About this exercise
Only an exact copy belongs in the answer: the line with "Jack Russell Terrier Reproduktor, Kościan" and every line after it through the end of the records, pictures left out.
═════ The input ═════
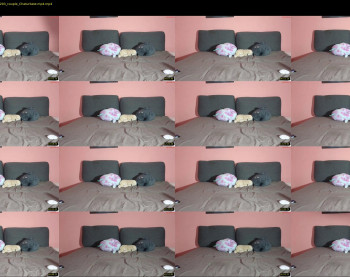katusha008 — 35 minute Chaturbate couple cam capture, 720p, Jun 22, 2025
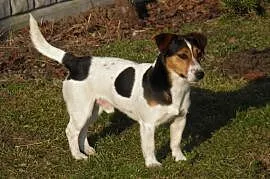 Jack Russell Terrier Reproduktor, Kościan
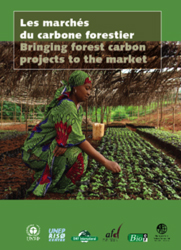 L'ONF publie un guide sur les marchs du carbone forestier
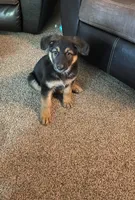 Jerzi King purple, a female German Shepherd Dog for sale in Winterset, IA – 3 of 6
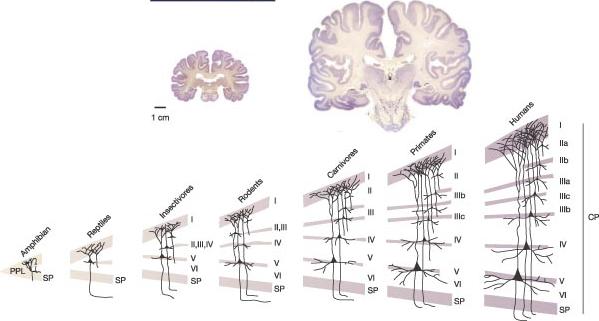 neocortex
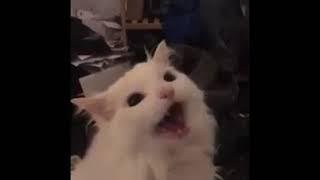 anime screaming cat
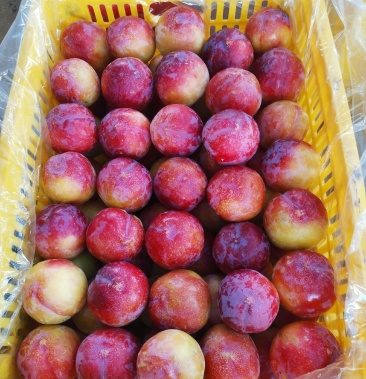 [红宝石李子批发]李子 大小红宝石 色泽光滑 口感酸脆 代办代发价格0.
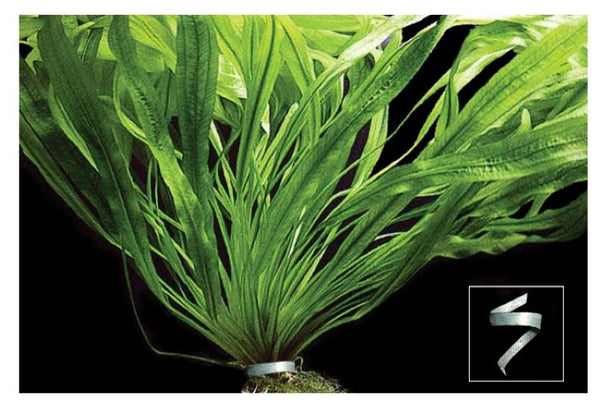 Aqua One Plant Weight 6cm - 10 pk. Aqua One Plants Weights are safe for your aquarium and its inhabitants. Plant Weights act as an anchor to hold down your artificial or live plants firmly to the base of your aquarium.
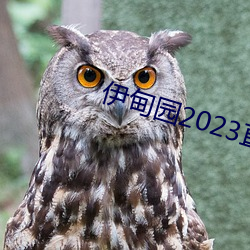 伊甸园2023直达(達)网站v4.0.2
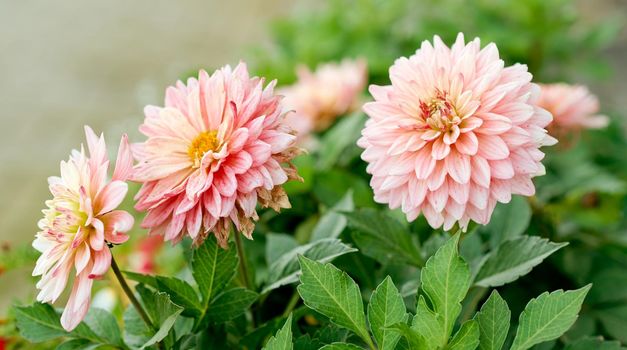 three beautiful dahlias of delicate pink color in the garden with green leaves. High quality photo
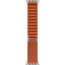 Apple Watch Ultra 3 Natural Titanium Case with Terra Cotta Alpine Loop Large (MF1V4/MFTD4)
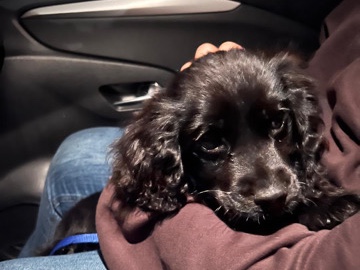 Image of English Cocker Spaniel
═════
Task answer
 Jack Russell Terrier Reproduktor, Kościan
 L'ONF publie un guide sur les marchs du carbone forestier
 Jerzi King purple, a female German Shepherd Dog for sale in Winterset, IA – 3 of 6
 neocortex
 anime screaming cat
 [红宝石李子批发]李子 大小红宝石 色泽光滑 口感酸脆 代办代发价格0.
 Aqua One Plant Weight 6cm - 10 pk. Aqua One Plants Weights are safe for your aquarium and its inhabitants. Plant Weights act as an anchor to hold down your artificial or live plants firmly to the base of your aquarium.
 伊甸园2023直达(達)网站v4.0.2
 three beautiful dahlias of delicate pink color in the garden with green leaves. High quality photo
 Apple Watch Ultra 3 Natural Titanium Case with Terra Cotta Alpine Loop Large (MF1V4/MFTD4)
 Image of English Cocker Spaniel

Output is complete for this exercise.